[Your goal] Give back only the lines in the records below from the one with "Επιστροφή στα κέρδη" to the one with "-汕头中海黄金海岸水上乐园", both inclusive, word for word.

[Data supplied]
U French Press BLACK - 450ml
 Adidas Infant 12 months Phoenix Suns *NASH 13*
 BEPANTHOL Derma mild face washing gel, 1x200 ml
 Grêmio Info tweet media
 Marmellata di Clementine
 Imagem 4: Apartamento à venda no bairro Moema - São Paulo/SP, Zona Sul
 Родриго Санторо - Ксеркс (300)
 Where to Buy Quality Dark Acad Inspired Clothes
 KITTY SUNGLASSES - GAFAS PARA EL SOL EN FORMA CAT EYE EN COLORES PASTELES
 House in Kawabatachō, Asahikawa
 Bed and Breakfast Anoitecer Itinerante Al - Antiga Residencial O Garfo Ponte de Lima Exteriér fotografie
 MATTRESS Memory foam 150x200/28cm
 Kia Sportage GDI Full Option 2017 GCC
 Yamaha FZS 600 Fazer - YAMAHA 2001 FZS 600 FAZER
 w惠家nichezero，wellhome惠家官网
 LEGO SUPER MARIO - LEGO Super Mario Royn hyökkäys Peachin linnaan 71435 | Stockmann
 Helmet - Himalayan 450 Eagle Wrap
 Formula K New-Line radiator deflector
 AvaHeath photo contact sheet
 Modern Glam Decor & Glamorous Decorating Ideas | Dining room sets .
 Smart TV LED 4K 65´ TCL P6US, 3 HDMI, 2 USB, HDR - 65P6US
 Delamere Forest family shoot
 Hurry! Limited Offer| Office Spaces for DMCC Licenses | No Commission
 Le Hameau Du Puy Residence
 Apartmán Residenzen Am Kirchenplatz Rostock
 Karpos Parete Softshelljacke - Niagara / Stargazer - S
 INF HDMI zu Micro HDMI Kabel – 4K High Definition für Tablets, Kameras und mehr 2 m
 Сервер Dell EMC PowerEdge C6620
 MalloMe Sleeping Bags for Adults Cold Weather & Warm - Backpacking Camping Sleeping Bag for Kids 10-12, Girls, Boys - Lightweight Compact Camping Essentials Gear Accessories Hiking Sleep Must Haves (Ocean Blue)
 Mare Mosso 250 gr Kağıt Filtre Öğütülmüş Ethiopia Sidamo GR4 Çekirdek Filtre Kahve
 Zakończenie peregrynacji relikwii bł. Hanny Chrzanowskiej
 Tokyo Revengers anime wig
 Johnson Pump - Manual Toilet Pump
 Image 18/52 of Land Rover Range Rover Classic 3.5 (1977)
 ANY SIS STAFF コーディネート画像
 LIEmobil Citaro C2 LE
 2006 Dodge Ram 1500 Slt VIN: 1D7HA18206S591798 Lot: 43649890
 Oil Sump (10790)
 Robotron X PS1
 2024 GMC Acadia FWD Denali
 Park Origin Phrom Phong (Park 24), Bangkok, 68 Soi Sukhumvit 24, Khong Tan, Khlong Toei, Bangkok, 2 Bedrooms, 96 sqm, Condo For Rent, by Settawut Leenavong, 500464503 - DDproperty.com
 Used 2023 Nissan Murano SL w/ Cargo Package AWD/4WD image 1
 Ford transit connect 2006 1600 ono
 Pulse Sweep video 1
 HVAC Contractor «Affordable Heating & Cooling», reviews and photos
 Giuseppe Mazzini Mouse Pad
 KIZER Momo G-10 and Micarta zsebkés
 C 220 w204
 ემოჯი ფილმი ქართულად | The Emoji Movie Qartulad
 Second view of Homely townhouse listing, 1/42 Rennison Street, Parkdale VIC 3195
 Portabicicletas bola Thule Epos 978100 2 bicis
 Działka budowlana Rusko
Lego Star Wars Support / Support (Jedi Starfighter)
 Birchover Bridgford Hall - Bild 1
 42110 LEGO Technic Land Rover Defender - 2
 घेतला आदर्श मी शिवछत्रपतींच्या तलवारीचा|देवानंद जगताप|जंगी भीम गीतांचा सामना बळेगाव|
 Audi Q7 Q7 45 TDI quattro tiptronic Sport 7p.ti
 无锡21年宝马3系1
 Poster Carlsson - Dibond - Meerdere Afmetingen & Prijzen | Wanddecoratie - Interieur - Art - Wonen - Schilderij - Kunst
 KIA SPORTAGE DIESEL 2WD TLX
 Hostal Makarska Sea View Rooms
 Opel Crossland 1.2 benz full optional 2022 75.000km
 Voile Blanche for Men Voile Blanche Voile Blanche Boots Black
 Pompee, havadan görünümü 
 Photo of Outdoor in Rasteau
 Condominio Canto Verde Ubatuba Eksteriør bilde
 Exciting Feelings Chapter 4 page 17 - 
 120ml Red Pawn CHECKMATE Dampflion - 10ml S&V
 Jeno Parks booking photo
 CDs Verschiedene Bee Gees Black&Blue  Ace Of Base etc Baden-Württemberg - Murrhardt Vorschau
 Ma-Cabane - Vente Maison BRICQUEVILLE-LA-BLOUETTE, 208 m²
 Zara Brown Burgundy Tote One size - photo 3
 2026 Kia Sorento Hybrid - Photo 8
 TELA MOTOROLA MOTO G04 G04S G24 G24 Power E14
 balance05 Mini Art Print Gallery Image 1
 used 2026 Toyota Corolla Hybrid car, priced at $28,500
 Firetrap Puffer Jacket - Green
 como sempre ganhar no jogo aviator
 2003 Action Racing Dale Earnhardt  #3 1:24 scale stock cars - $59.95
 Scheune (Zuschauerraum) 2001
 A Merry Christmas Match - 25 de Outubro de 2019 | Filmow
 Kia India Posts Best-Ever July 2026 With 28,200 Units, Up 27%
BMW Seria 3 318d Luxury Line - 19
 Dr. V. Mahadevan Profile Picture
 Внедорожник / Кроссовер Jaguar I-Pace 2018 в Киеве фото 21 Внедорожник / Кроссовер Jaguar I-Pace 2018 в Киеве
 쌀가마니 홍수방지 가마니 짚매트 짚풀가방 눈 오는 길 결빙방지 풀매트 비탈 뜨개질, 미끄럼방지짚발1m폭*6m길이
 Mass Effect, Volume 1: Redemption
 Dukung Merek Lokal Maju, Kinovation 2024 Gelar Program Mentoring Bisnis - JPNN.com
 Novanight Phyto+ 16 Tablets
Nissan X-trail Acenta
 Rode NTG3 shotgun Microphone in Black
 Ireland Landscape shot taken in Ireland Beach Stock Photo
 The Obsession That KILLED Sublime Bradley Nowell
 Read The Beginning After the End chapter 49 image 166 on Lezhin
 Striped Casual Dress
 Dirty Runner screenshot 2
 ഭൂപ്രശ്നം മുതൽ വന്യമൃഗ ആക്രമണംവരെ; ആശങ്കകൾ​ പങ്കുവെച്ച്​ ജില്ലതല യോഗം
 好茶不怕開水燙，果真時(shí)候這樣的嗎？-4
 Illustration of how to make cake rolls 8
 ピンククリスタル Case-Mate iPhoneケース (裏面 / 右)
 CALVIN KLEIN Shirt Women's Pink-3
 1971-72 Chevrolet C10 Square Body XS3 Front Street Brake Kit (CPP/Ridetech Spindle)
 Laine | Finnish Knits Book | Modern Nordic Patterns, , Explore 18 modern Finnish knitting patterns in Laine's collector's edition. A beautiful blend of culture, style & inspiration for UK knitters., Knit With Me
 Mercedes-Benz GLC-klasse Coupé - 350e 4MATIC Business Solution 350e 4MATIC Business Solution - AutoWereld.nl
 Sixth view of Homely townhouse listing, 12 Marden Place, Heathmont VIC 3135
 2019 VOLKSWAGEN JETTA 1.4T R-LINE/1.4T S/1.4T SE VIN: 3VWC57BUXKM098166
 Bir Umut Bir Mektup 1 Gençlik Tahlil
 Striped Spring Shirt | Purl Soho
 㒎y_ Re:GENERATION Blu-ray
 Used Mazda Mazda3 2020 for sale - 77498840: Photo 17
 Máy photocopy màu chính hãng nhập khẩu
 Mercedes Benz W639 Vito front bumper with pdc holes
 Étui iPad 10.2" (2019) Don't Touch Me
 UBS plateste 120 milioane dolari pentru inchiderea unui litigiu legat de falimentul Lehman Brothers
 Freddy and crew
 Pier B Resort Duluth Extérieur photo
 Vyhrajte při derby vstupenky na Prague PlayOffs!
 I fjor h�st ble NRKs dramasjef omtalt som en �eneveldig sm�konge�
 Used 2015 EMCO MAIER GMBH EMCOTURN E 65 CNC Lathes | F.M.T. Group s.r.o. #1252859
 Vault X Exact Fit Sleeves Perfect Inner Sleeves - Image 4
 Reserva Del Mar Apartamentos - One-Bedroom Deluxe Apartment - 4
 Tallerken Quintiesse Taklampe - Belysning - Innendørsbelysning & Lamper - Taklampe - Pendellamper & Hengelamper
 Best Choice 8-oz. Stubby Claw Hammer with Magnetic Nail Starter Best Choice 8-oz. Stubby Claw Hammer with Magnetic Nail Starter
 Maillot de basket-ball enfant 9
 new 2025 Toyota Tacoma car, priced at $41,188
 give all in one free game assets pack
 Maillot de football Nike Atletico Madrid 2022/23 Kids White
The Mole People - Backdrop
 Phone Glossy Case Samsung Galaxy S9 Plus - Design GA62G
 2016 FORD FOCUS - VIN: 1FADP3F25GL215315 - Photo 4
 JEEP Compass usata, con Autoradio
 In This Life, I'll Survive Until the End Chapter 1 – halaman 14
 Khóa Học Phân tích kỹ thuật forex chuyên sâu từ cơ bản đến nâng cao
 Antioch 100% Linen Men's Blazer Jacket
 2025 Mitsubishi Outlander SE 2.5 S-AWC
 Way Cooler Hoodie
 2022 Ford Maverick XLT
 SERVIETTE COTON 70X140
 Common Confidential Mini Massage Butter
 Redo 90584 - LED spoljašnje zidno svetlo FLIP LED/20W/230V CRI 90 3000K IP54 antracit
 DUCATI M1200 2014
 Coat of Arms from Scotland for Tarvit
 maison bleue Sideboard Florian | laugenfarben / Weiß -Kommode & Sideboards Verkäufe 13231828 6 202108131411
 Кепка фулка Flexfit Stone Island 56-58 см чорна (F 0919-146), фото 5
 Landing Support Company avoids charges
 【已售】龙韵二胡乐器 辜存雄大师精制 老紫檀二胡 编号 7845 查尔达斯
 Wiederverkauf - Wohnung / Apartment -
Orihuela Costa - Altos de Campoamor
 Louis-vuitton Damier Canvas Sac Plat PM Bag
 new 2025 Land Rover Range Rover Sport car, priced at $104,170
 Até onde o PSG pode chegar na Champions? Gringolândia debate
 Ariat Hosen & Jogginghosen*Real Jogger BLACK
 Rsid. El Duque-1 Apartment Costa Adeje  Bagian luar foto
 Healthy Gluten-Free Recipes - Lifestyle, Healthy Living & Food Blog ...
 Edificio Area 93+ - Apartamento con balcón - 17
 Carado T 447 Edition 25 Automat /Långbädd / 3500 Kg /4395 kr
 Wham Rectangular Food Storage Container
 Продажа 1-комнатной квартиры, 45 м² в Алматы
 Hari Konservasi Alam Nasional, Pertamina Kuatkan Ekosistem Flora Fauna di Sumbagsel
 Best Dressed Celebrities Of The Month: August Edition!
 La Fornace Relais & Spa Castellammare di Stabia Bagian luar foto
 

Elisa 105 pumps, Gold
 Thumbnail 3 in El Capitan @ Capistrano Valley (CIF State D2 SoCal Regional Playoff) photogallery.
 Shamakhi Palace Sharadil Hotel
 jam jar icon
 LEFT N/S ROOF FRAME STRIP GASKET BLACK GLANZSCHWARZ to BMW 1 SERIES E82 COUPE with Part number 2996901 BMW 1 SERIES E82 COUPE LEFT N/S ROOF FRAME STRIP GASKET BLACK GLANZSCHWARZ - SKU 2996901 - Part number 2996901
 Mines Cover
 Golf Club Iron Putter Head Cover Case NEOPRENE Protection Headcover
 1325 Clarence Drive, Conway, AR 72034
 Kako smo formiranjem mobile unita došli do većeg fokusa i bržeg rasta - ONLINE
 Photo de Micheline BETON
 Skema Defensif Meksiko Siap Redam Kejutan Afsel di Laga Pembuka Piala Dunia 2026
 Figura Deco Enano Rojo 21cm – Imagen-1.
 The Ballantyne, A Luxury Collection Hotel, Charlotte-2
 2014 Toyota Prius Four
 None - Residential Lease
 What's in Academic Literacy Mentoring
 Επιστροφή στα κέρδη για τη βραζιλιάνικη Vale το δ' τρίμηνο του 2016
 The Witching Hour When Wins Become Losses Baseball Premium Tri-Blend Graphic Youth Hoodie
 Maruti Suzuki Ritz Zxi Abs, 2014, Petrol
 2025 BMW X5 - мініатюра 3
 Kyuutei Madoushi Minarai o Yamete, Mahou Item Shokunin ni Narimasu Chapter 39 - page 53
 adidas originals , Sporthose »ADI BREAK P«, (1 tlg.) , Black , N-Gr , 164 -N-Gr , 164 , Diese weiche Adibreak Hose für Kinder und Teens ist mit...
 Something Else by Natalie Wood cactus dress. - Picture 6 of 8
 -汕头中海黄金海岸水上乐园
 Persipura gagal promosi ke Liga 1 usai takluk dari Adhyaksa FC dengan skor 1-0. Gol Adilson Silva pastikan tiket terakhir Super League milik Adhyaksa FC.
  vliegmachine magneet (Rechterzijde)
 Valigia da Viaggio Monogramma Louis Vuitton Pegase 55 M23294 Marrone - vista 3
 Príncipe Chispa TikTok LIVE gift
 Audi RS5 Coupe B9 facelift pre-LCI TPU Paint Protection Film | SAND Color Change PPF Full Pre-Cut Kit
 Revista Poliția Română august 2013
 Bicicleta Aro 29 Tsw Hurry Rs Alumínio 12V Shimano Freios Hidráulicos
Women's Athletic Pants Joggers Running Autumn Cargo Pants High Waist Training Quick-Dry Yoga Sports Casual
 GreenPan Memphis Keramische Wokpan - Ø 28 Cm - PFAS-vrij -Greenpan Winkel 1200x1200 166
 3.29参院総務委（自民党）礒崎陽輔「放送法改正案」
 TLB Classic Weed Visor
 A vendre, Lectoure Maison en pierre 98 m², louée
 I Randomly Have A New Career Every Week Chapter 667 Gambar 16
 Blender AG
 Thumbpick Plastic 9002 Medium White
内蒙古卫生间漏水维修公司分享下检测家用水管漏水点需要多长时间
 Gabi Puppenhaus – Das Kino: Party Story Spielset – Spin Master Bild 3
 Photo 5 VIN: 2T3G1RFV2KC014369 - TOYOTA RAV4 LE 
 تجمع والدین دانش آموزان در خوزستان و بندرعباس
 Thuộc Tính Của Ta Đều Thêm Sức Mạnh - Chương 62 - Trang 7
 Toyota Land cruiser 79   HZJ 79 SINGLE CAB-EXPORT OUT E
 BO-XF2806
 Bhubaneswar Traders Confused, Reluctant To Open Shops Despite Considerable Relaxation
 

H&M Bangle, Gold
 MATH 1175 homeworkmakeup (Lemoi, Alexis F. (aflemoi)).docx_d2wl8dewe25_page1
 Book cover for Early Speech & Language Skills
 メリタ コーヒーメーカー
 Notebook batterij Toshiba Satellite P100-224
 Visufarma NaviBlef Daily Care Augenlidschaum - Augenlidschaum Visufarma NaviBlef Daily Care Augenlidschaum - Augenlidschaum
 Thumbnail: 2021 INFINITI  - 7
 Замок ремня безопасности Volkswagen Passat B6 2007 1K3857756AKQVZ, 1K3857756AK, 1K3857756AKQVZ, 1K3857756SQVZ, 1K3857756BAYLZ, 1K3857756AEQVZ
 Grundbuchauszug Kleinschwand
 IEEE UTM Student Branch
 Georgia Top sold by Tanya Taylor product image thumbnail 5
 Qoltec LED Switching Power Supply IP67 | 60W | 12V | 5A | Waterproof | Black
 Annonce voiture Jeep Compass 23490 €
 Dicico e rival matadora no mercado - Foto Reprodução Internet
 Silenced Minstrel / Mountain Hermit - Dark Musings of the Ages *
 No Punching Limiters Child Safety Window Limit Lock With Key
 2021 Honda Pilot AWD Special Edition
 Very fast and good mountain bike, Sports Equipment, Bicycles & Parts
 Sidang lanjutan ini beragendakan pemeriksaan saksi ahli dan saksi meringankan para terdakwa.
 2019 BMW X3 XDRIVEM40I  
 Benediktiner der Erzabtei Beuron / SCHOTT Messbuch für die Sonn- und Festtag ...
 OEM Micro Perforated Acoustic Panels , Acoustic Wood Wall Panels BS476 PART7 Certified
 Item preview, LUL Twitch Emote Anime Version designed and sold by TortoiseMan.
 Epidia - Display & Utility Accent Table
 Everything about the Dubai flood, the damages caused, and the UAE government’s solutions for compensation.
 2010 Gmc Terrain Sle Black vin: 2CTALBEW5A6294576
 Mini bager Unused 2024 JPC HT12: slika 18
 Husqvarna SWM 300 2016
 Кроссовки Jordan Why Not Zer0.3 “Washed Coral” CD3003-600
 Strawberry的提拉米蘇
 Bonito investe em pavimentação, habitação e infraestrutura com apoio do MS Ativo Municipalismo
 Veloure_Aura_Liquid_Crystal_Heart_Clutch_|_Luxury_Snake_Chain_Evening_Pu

[Exercise result]
 Επιστροφή στα κέρδη για τη βραζιλιάνικη Vale το δ' τρίμηνο του 2016
 The Witching Hour When Wins Become Losses Baseball Premium Tri-Blend Graphic Youth Hoodie
 Maruti Suzuki Ritz Zxi Abs, 2014, Petrol
 2025 BMW X5 - мініатюра 3
 Kyuutei Madoushi Minarai o Yamete, Mahou Item Shokunin ni Narimasu Chapter 39 - page 53
 adidas originals , Sporthose »ADI BREAK P«, (1 tlg.) , Black , N-Gr , 164 -N-Gr , 164 , Diese weiche Adibreak Hose für Kinder und Teens ist mit...
 Something Else by Natalie Wood cactus dress. - Picture 6 of 8
 -汕头中海黄金海岸水上乐园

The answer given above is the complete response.